AsianScientist (Aug. 15, 2012) – An Australian study published recently in the journal Molecular Psychiatry has shown increased inflammation in the brains of people with schizophrenia, tightening the link between immune function and schizophrenia.
Schizophrenia is a complex, debilitating disease that makes it difficult for health experts to pinpoint the exact cause of it. The current consensus on the disease is that schizophrenia results from a combination of factors such as genetics, prenatal development, and life events.
In particular, viral infections in utero or in childhood have been found to be associated with an increased risk of developing the disease. Therefore, several research groups have subscribed to the pathogenic theory of schizophrenia by studying the link between early infections and the incidence of schizophrenia.
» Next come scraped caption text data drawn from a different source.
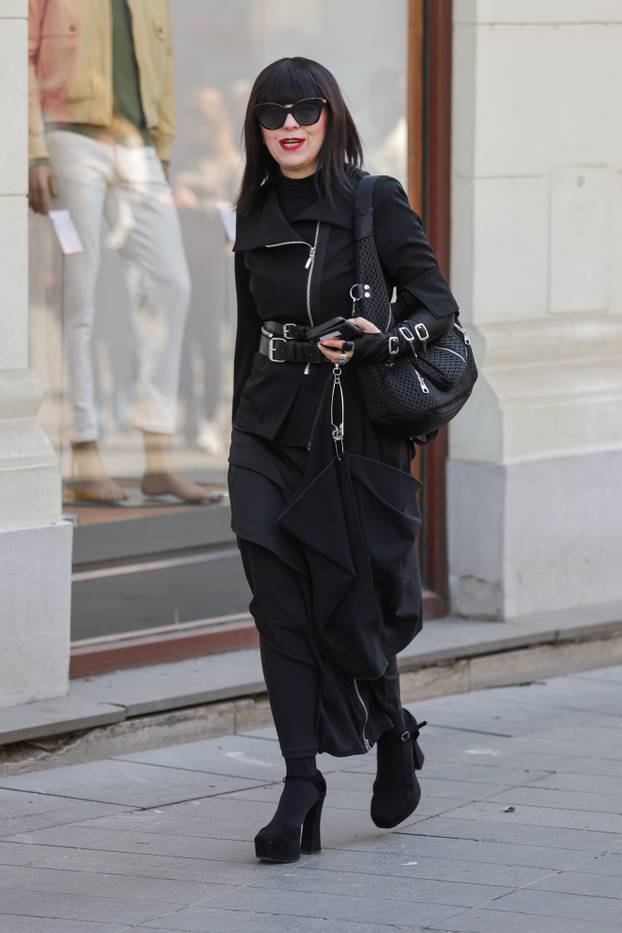 Zagreb: Mirela Holy prošetala centrom grada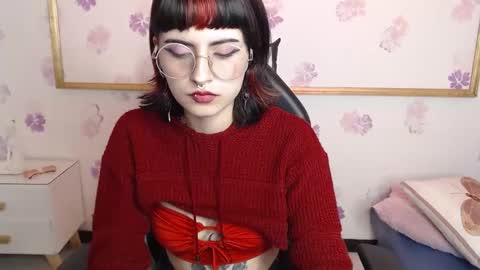 Snapshot of sumak_ chatting on March 29, 1:33 pm Sumak online show from March 29, 1:33 pm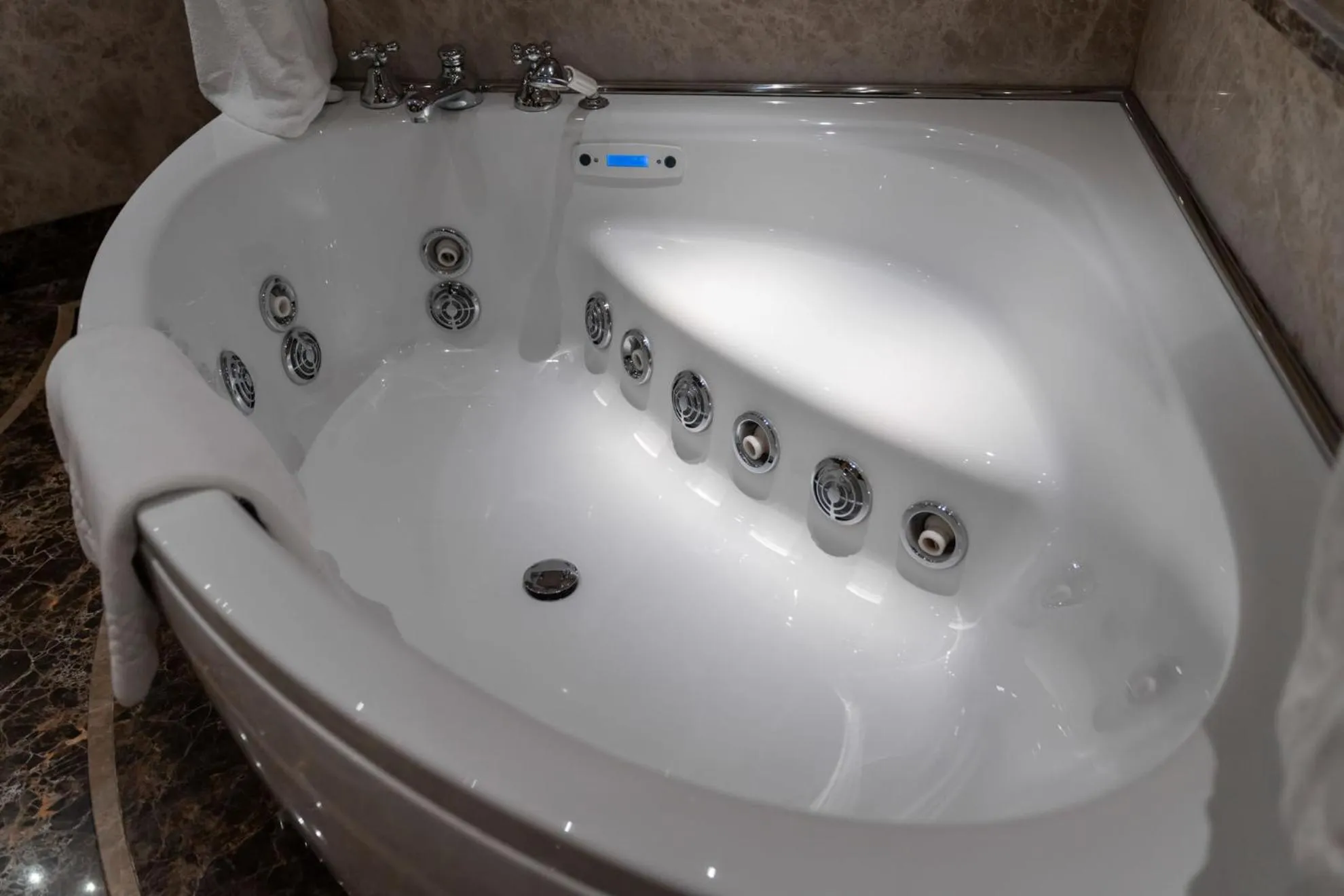 Hot Tub in Canaletto Luxury Suites - San Marco Luxury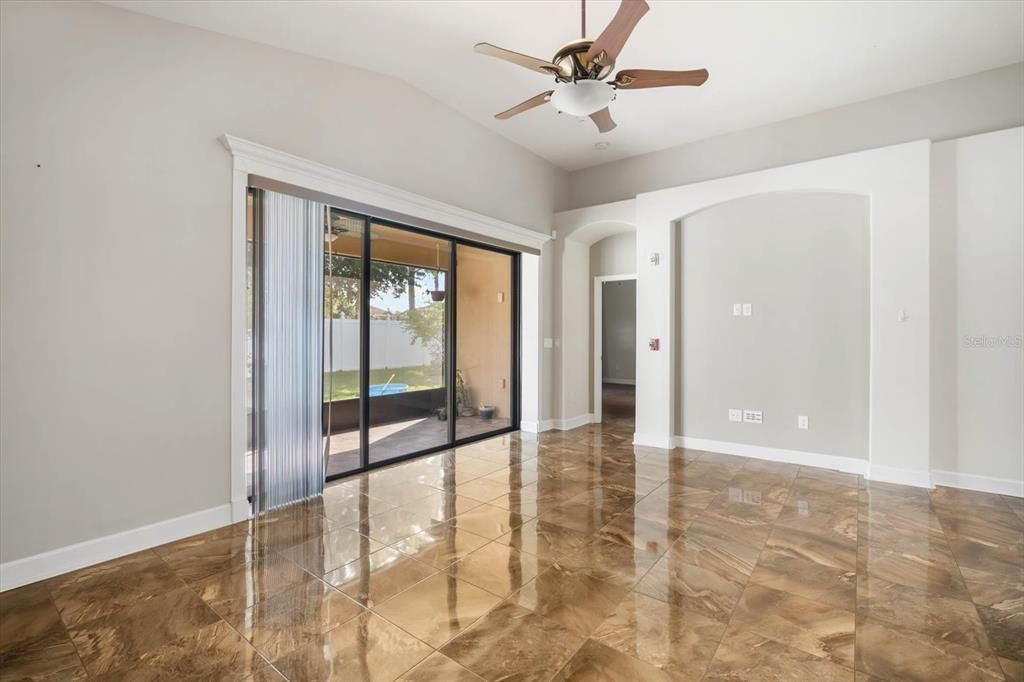 合同活跃: $379,000 (3 贝兹, 2 浴室, 2022 平方英尺)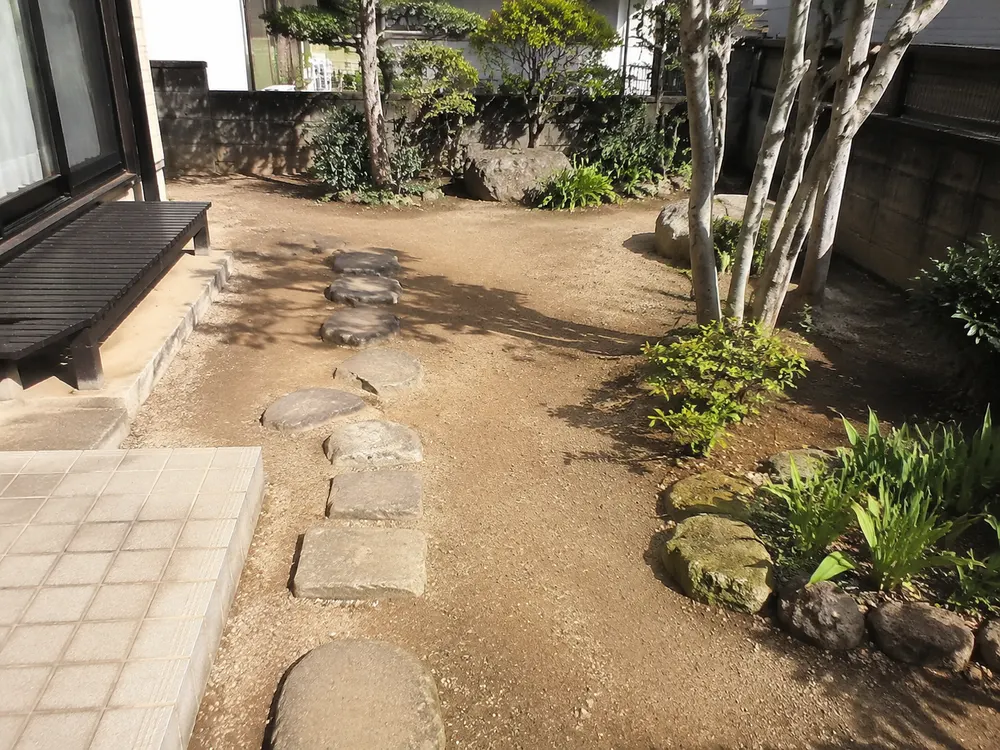 落ち葉と枯れ枝のお掃除で明るい庭に（作業後）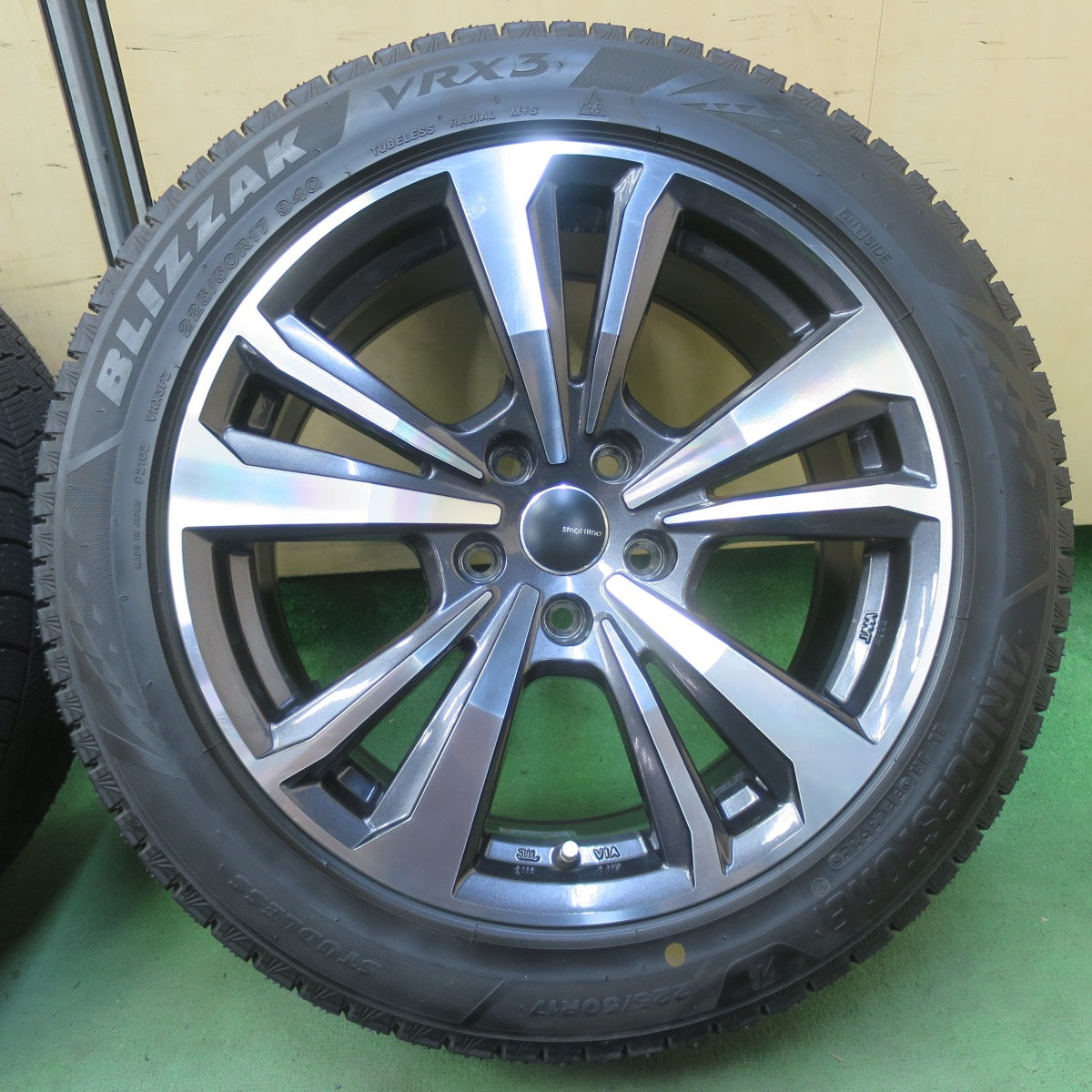 超バリ溝！24年！キレイ！ほぼ10分★BMW 等 smartline 365 225/50R17 スタッドレス ブリヂストン ブリザック VRX3 スマートライン 17インチ PCD112/5H★6041404イス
Challenging this theory, a team of scientists led by Professor Shannon Weickert at the Neuroscience Research Australia looked for changes in gene expression, particularly in genes that are involved in immune function, in the brains of people with schizophrenia and healthy people without the disease.
To their surprise, they observed increased levels of pro-inflammatory cytokines in 40 percent of patients. These cytokines are involved in driving immune responses and triggering microglia, the main form of active immune defense in the brain.
Interestingly, increased brain inflammation resulting from cytokines was found in the dorsolateral prefrontal cortex, a key brain region affected by schizophrenia.
“To find this immune pattern in nearly half of people with schizophrenia raises the possibility that this is in fact a new root cause of the disease,” said Weickert.
In addition, the group believes that their findings on the role of an overactive immune system in schizophrenia will pave the way for future therapies aimed at immune suppression.
“As there are multiple biological root causes of schizophrenia, the fact inflammation occurs in 40 percent of individuals is huge, and opens up a whole new range of treatment possibilities,” Weickert said.